Later in the parking lot Ruben Cardenas introduced us to Sonna, and then to Ramon Becerra. “Oh yes he’s the driver who brought the horse!” I said. Ruben then informed me “yes, and he’s the trainer as well. He trained Centauro, and Sonna met the horse for the first time tonight in the arena!” I fell to my knees on the asphalt in honor of the young woman’s skill and the man’s talent! Since then they have racked up a staggering record of horse training feats and exhibitions, including their performances at EuroDisney. Ramon and I spoke again, later, in San Antonio, where he told me “Glenn, I no work horses any more” I was in the process of bewailing the loss of a truly great horse trainer when he added “I just play with them!”

Biomechanics of the Rider

“You’re never too old to learn.”

I can’t tell you how many times my grandmother told me that. But, I found it true once again this past week. You see, in the path to learning classical equitation there are many stages and each of these are places where the basic biomechanics of horse and of rider must reach an equilibrium. My own nemesis has been the very first stage – the shoulders-in exercise.
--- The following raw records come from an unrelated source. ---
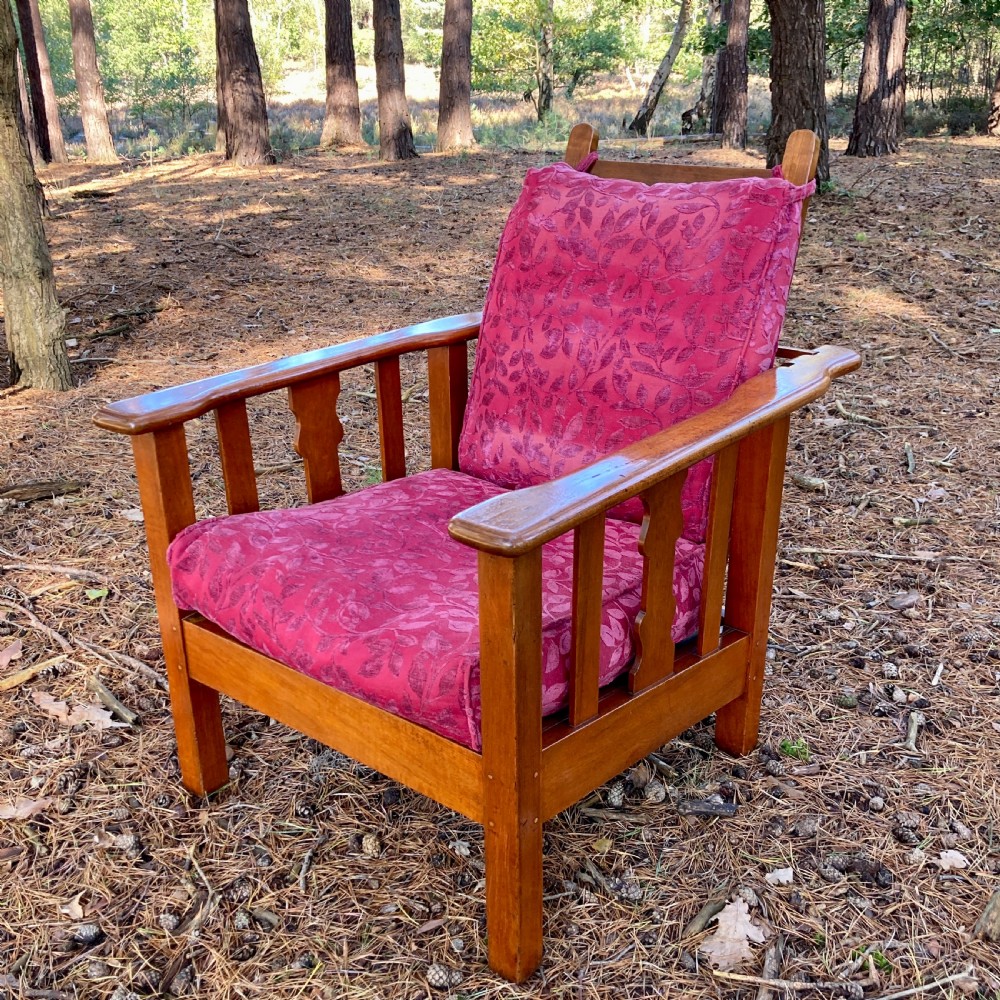 An Edwardian teak reclining armchair featuring slatted side panels, wide flat armrests, and pink floral upholstered cushions.
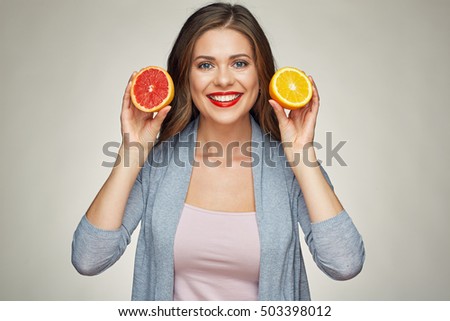 smiling woman holding half orange and grapefruit. isolated studio portrait.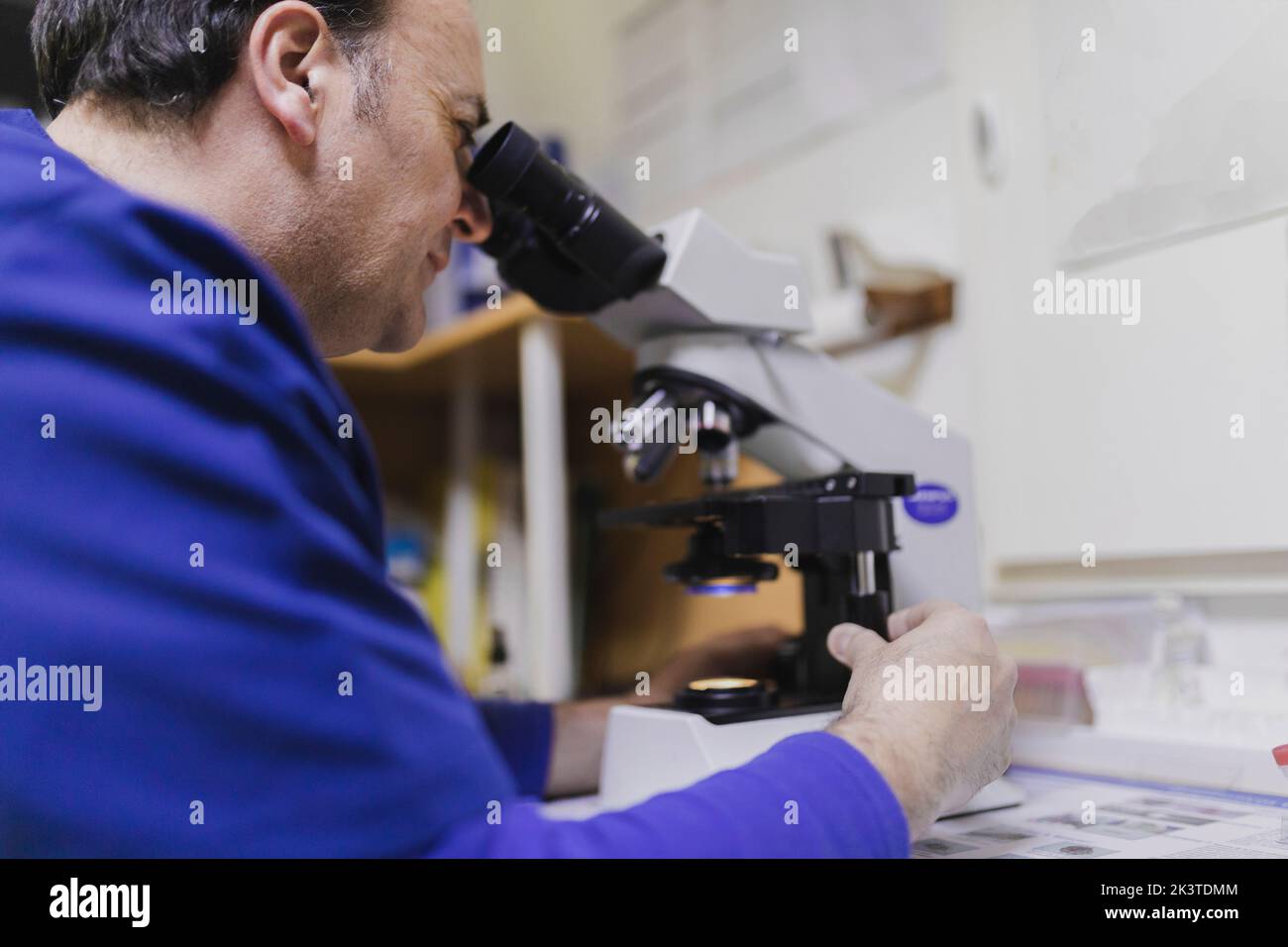 Doctor looking through microscope in hi-res stock photography and ...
Intellectually I have understood for some time that it is designed to put the horse in position to increase the ability of the inside hind leg to take weight, as a tool to developing “collection.” I even understood that a certain angle of 30° and a slight bend and a slow cadenced walk are the keys to this development. The problem was that every time I tried to sit on my right seat bone and turn my shoulders, my saddle went to the left. It’s downright creepy, sometimes, how our bodies sabotage us! So Manuel gets on my horse to show me what it looks like. He emphasizes that the rider’s outside foot can push against the stirrup, causing the rider’s weight to come to the inside. Then I tried it. It was better. He even said I needed to not be afraid to let my seat slide a little sideways over the saddle to get the right position. Better. Then on Monday, Donna says almost the same thing, but adds that she’d been instructed to put the outside seat bone in the middle of the saddle. Now, armed with these bits of information I’m finally “getting” right shoulder-in. I still don’t feel like my right side bone contacts the saddle like the left. Maybe I’m not symmetrical. But the horses are now actually doing shoulder-in right, right…sometimes. In the world of teaching and learning there is this mystery of how we learn. Often after hearing the same thing many times, someone new comes along and says the same thing a different way and…boom, the knowledge that has been sitting just outside our brain plops into our circuitry!